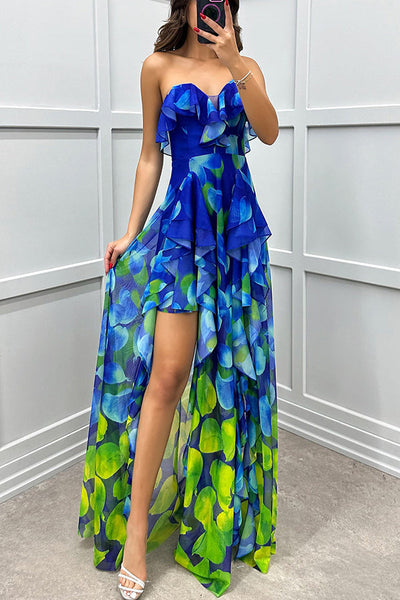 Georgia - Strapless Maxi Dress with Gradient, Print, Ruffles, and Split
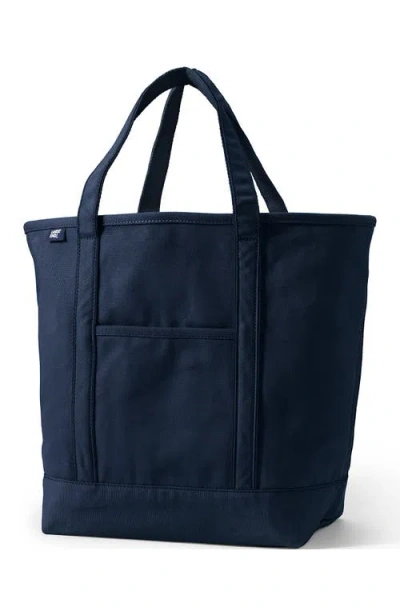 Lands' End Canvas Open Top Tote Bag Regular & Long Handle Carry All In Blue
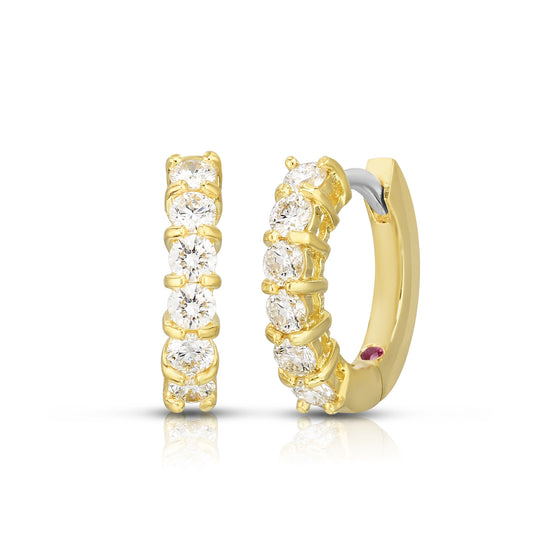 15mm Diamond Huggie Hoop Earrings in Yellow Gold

+-------+

Apart from the pictures, repeat the data above exactly.

 Georgia - Strapless Maxi Dress with Gradient, Print, Ruffles, and Split
 Lands' End Canvas Open Top Tote Bag Regular & Long Handle Carry All In Blue
 15mm Diamond Huggie Hoop Earrings in Yellow Gold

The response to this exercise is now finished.